Они снова идут, теперь уже молча. Рохл больше не показывает ему растений, не рассказывает ни об их истории, ни об их преображениях. Бродя без цели, они запутываются в кровеносной системе парковых тропок, пока не находят дорогу по солнцу, которое уже тускнеет и клонится к западу.
Исаак вытягивает ноги, похлопывает по ним, чтобы восстановить кровообращение. Хорошо, что в камере есть умывальник — время от времени он споласкивает лицо и снова ложится. Хорошо и то, что здесь есть колония муравьев, он сберегает для них крупинки сахара, хлебные крошки, весь день понемногу скармливает их муравьям и наблюдает, как они маршируют, утаскивая пропитание. Сидя в одиночке, он потерял счет дням. Возможно, и недели не прошло, потому что его еще ни разу не выводили в душ или на прогулку. Похоже, здесь, как и в общих камерах, и душ, и прогулка раз в неделю, хотя он может и ошибаться.
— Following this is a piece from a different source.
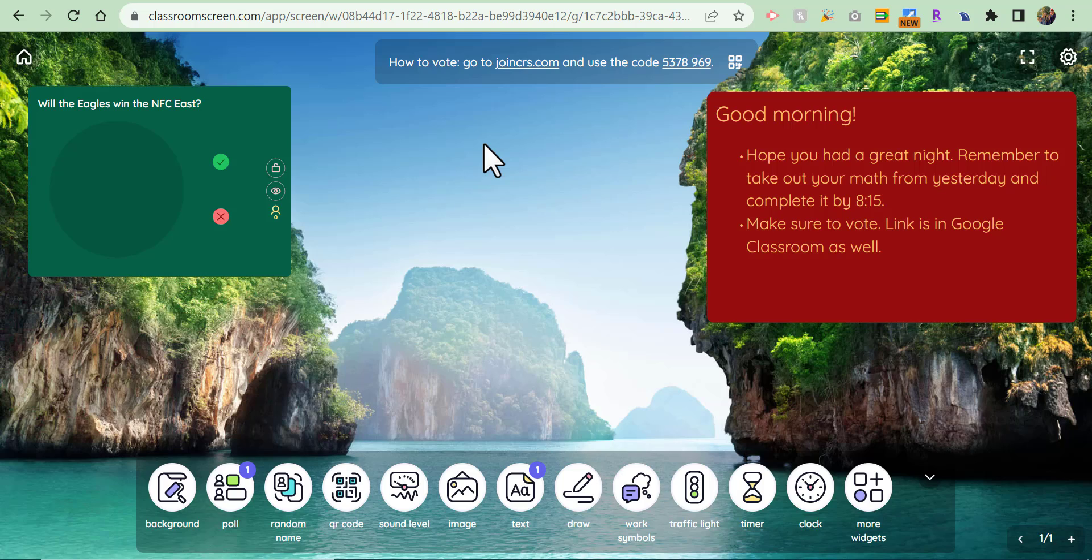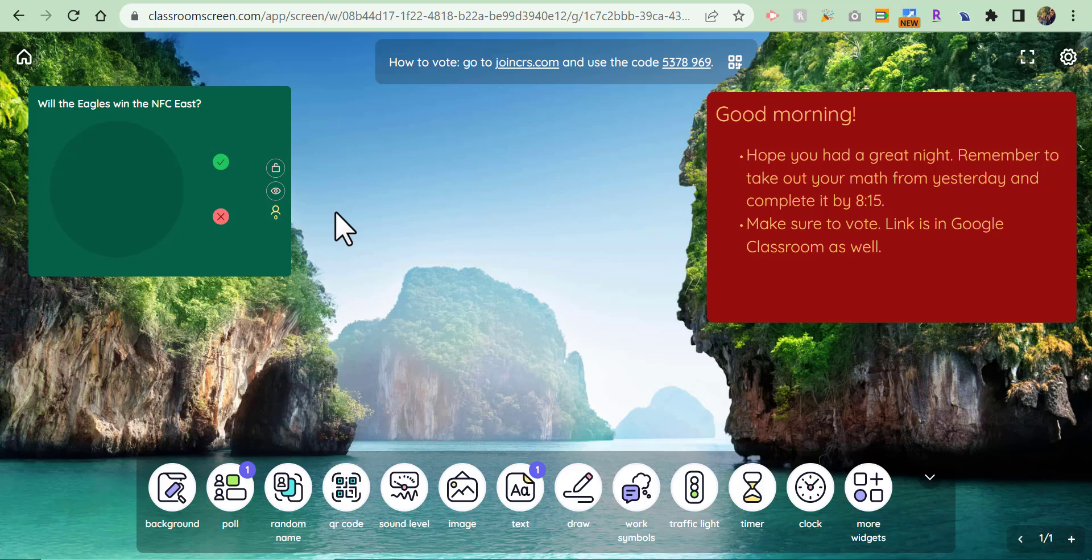Everyone, this is Brad. Let's say you wanted your students to have a good morning message right here, as well as a remote voting chance regarding the Philadelphia Eagles and winning the NFC East this year. But you also...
Окно его камеры выходит во двор, но из полуподвала проходящих не видно, видны только их ноги, и, когда ему надоедает смотреть на муравьев, он коротает время, глядя на ноги. На них, по большей части, кроссовки, хотя встречаются кожаные туфли и коричневые пластиковые шлепанцы. У кого-то шаг твердый, кто-то еле ковыляет. Бывает, что он опознает обувь — по пятнам или сбитому каблуку, — и тогда считает, сколько раз ее владелец пройдет туда и обратно. При этом загадывает: если четное число раз, значит, он выйдет из тюрьмы живым, не четное — не выйдет. И четное, и нечетное число выпадало уже столько раз, что очевидно — гадать бессмысленно, однако каждый раз, когда выпадает нечетное число, у Исаака тяжело на душе, и, засыпая, он убеждает себя, что разок мог и пропустить, скажем, пока умывался или глядел на муравьев.
Этим утром он не встает — у него нет сил смотреть на проходящих. Сверху доносятся знакомые шаги — по лестнице кто-то бегает вверх-вниз, шаги легкие, как у ребенка. Но откуда в тюрьме взяться ребенку, он понять не может.